An diesem Dienstag (22. April) wird Theo Waigel 75 Jahre alt. „Ich blicke auf ein erfülltes politisches Leben mit Höhepunkten und Enttäuschungen zurück“, sagte er angesichts seines 70. Geburtstags vor fünf Jahren. Waigel war 1982 bis 1989 Landesgruppenvorsitzender der CSU im Bundestag und von 1988 bis 1999 CSU-Vorsitzender. Doch ein Traum sollte sich nicht erfüllen: Im Jahr 1993 unterlag er im Machtkampf um den Posten des bayerischen Ministerpräsidenten seinem innerparteilichen Rivalen Edmund Stoiber.

Heute räumt er ein, dass er damals daran dachte, alles hinzuschmeißen. „Ich war schon an einem Punkt angelangt, an dem ich mich fragte: Machst du noch weiter?“, sagte Waigel nun der Tageszeitung „Augsburger Allgemeine“ (Samstag). Damals wurde auch Privates, wie die Trennung von seiner ersten Ehefrau, thematisiert. „Es gab schon Dinge unter der Gürtellinie, die einem wehtun“, räumt er heute ein.
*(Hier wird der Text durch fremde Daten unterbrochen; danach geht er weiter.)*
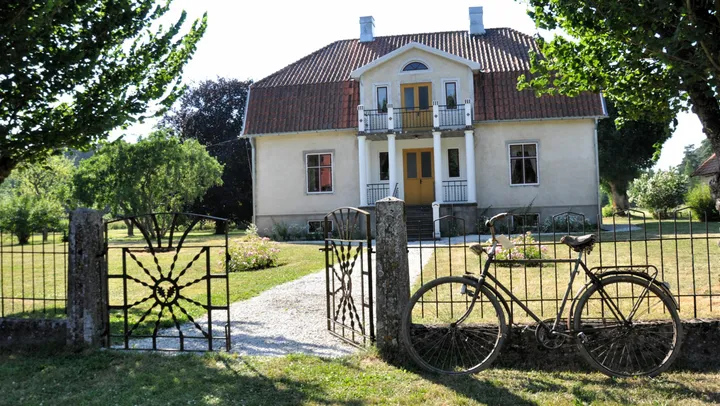 Norrbys Museigård i Väte - härligt trädgårdscafé och barnvänlig miljö – Klintehamn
Über seinen damaligen Konkurrenten Stoiber sagte er der „Augsburger Allgemeinen“: „Ich begrüße es sehr, dass Edmund Stoiber heute ein überzeugter Europäer ist. Ich hätte mir nur gewünscht, dass er dieselbe Einstellung schon vor 20 Jahren gehabt hätte. Damit hätte er mir bei der Einführung des Euro viel Ärger erspart.“

Trotz der innerparteilichen Kämpfe blieb Waigel seiner Partei treu. Seit 2009 ist er nun Ehrenvorsitzender der CSU. Parteimitglied wurde er im Jahr 1960, der Jungen Union trat er bereits drei Jahre früher bei. Zuletzt erarbeitete er für die CSU in der Folge der bayerischen Verwandtenaffäre einen Ehrenkodex. Darin verlangt er von den Abgeordneten seiner Partei Transparenz im Umgang mit Geschenken, Geld und Nebenjobs.

"Die Augenbraue"

Nach seinem Ausscheiden aus dem Bundestag im Jahr 2002 war der langgediente Parlamentarier 2009 für vier Jahre zum Anti-Korruptionsbeauftragten bei Siemens berufen worden – auch da war Transparenz schon ein großes Thema.
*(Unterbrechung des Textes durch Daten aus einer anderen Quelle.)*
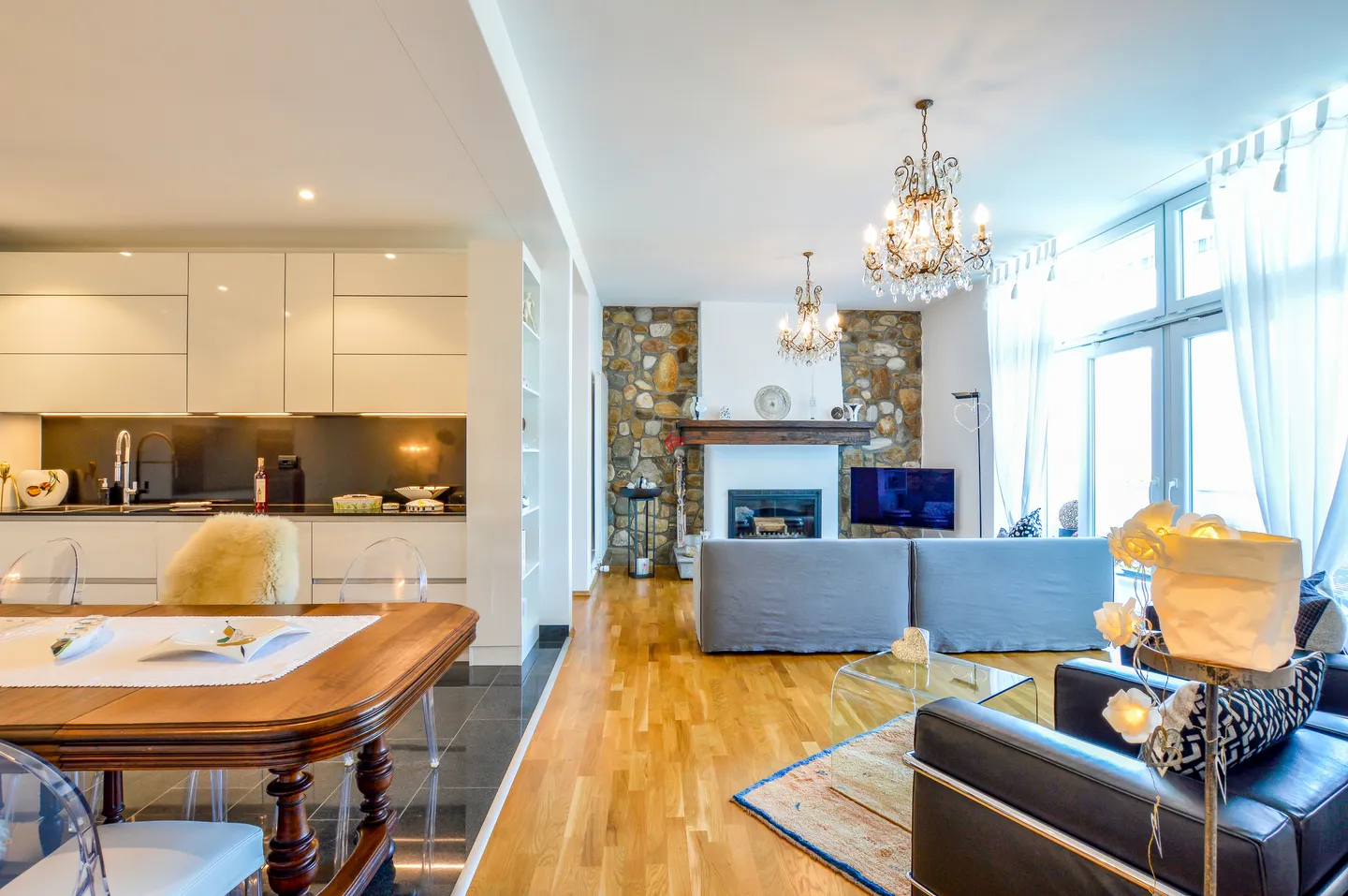 Sentitevi subito a casa con vista lago e piscina! - Foto 3 di 12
Das markanteste äußere Merkmal des Jubilars sind die buschigen Augenbrauen, über die zahlreiche Witze gemacht wurden und die für Karikaturisten geradezu ein Geschenk waren. Unter dem Titel „Die Augenbraue“ wurde ihm sogar eine eigene Ausstellung mit einschlägigen Zeichnungen gewidmet.
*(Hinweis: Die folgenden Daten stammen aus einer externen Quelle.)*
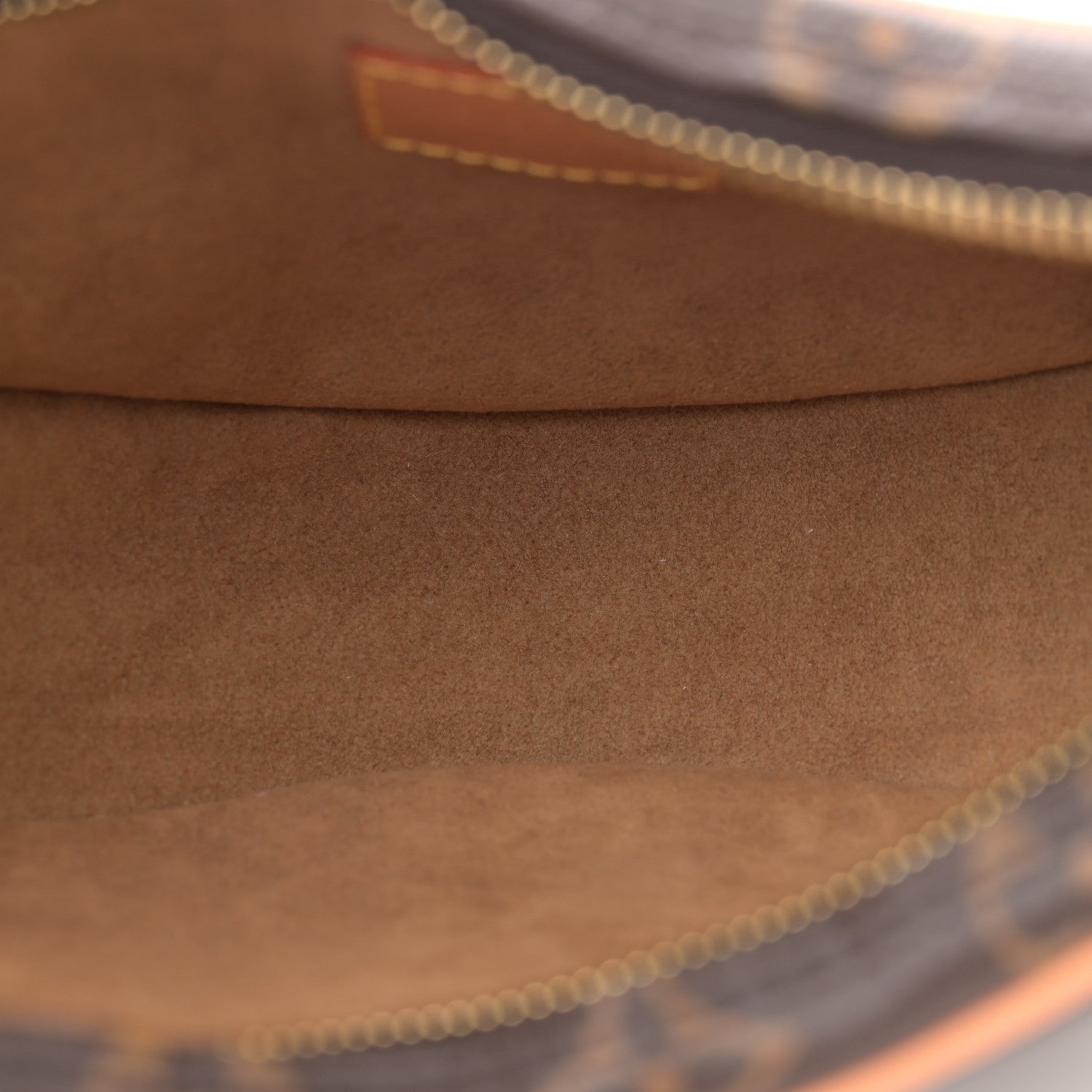 Louis Vuitton Monogram Loop 5 of 10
Doch auch Waigel selbst ist für seinen Humor und seine kleinen treffenden Spitzen gegenüber Parteifreunden bekannt. Und daran, seine Augenbrauen zu stutzen, habe er niemals gedacht, sagte Waigel der „Augsburger Allgemeinen“: „Mancher Friseur hat mich gefragt. Da habe ich immer nur gesagt: “Unterstehen Sie sich. Da wird nicht ein Haar gekrümmt.“

Geboren wurde Theo Waigel, der eigentlich Theodor heißt, am 22. April 1939 als Sohn eines Kleinbauern in Oberrohr bei Krumbach im nordschwäbischen Landkreis Günzburg. Auch heute noch wohnt er in Schwaben, in Seeg im Ostallgäu. Nach dem Abitur studierte er Rechts- und Staatswissenschaften in München und promovierte 1967 mit einer Arbeit über die „verfassungsmäßige Ordnung der deutschen, insbesondere der bayerischen Landwirtschaft“.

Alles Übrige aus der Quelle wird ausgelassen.